La Comunidad europea requirió de largas negociaciones para su conformación. Allí emergieron necesidades de acuerdos que sobrepusieron el interés económico por encima de los viejos ideales. Para el logro de ello se apeló a la desmovilización de los grupos sociales que demandaban el cumplimiento de las viejas promesas, porque la lógica del pacto entre núcleos dirigentes exigía un público más dócil. Debía acallarse a todos aquellos que pudieran perturbar este proceso. Nuestros dirigentes políticos agitaron durante bastante tiempo el modelo del Pacto de la Moncloa, ocultando que ese pacto suponía el enterramiento y el olvido del pasado franquista y sus horrores. Entre nosotros los ochenta y los noventa se desarrollaron bajo ese manto, con las peculiaridades entre socialdemócratas y menemistas.
El desencanto viene, entonces, provocado por el reconocimiento de que todo lo que se había dado en los setenta como una dinámica de participación, presión y movilización se había convertido rápidamente en molesto, superfluo, delirante o “poco realista”. Los piqueteros perturban el tránsito. Dividió nuestra sociedad entre los que no se resignaban a la renuncia y los se veían empujados u obligados a hacerlo por parte de quienes, hasta hacía muy poco, habían compartido el mismo lenguaje.

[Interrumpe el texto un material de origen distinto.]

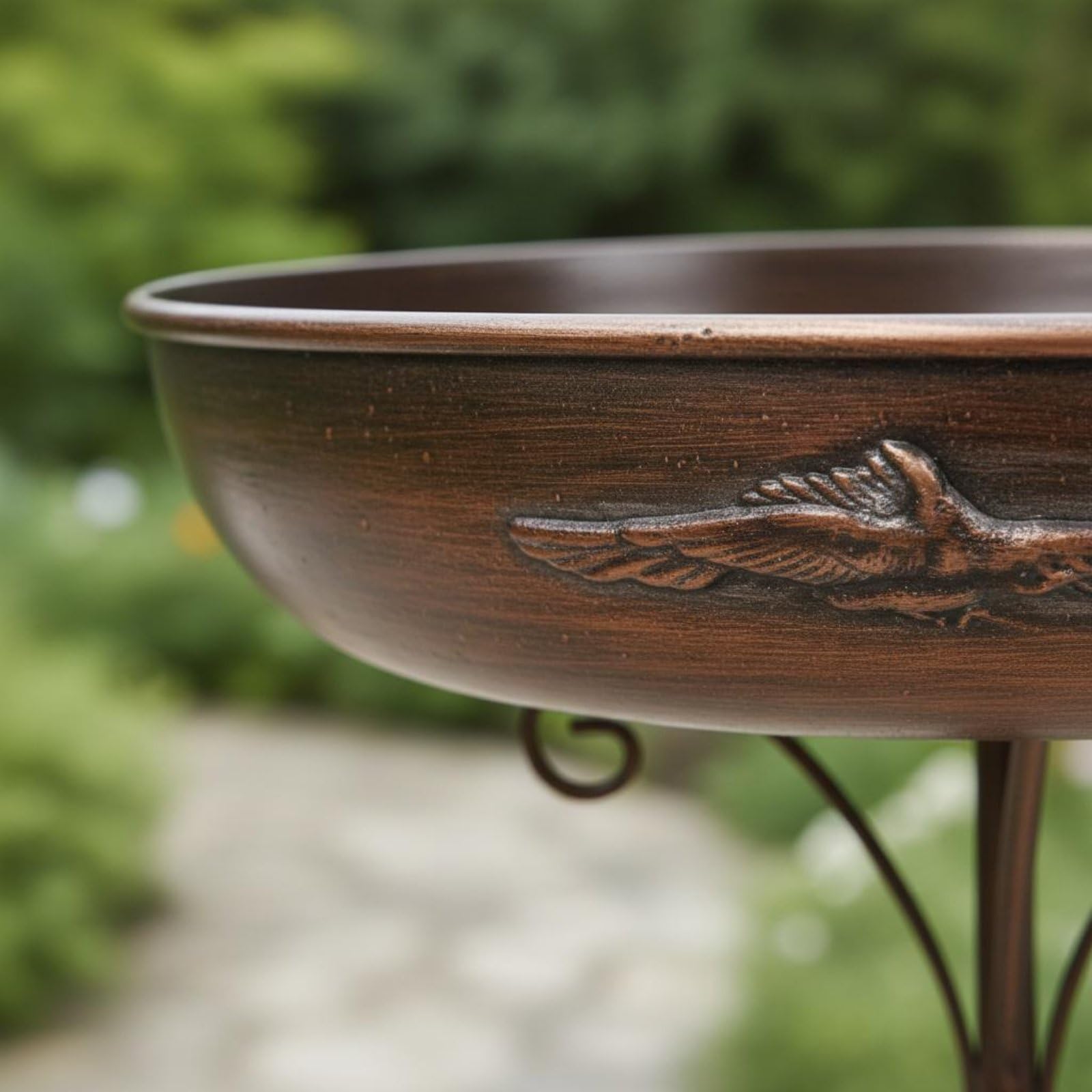 Mangiatoia per Uccelli da Esterno Vassoio Bagno Volatili Decorativo Struttura in Metallo Ad Alta Stabilità Ornamenti Artistici Scrollati Adatta per Botanici Grandi Zone Verdi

Si bien este desencanto no afectaba a todos, golpeó fuertemente en las expectativas del conjunto: tanto en los que no se resignaban como en los que defendían ese realismo político.

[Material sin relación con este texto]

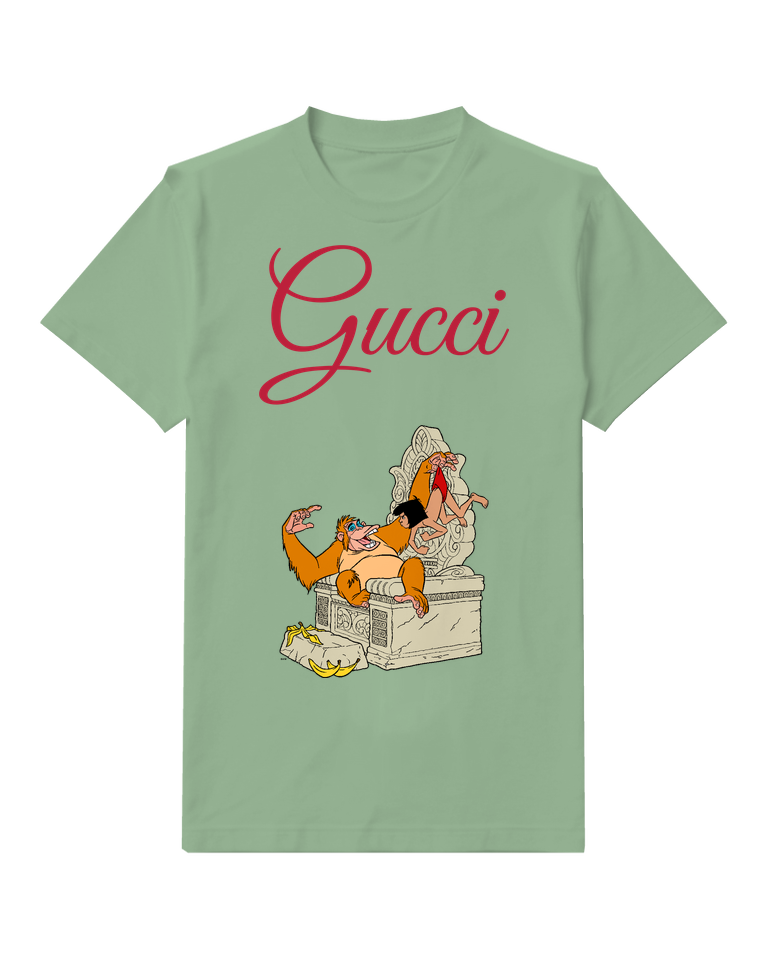 Sage Green Monkey Seated Graphic T-Shirt - front product view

Pero todo ello dio por resultado un descreimiento creciente en las posibilidades de construir un futuro diferente. La consecuencia se fue haciendo sentir paulatinamente como un sentimiento de distanciamiento y desinterés hacia las posibilidades de incidir en la vida política y social. Estos sentimientos que distanciaban provocaban una frustración e impotencia respecto del futuro. Sin embargo el resultado fue dual, puesto que para un sector de la sociedad parecía que se recuperaba el camino de la cordura y la sensatez. Estos encontraban en los medios de información el sustento de sus ideas.
Todo este proceso, contradictorio, friccionado, convulso por momentos, también confuso, al tiempo que producía desencanto y depresión social, permitía a otros sacar buenas diferencias a través de negocios oscuros, inconfesables, o simplemente aprovechando la falta de controles o los intersticios legales que se los posibilitaban. Éstos se fueron convirtiendo en los “vivos”, los “exitosos”, los modelos a imitar y la pantalla de televisión los mostró profusamente, mientras muchos de nosotros aplaudían.
Debo decir, una vez más, siempre los jóvenes nos están mirando y aprenden mucho más de lo que hacemos que de lo que decimos. Lo que me parece más grave es que paralelamente a todo ello, nosotros los adultos fuimos aceptando y compartiendo un modelo de joven muy publicitado. Y nosotros los adultos quisimos participar también de ese modelo de ser joven y nos travestimos en jóvenes sin importar la edad que tuviéramos. Ser joven se reducía entonces a un modo de vestir, de lucir, de peinarse, de hablar, de frecuentar los lugares que la moda imponía. Aparecieron en escena lo que lo jóvenes llamaron los “pendeviejos”, tristes caricaturas, mascaritas de carnaval, que desplazaban a los jóvenes de sus espacios sociales porque querían vivir como ellos y con ellos.
Enfrentamos entonces la paradoja, más o menos inconscientemente, de participar de la extraña situación que hablaba de que ya sabíamos qué tenían que ser los jóvenes, pero en la práctica no se sabía como podían serlo. Nosotros los adultos pontificábamos al respecto desde nuestra sabiduría de gente mayor cuando nos vestíamos y vivíamos pretendidamente como jóvenes. Los jóvenes han terminado siendo el resultado de tal impostura.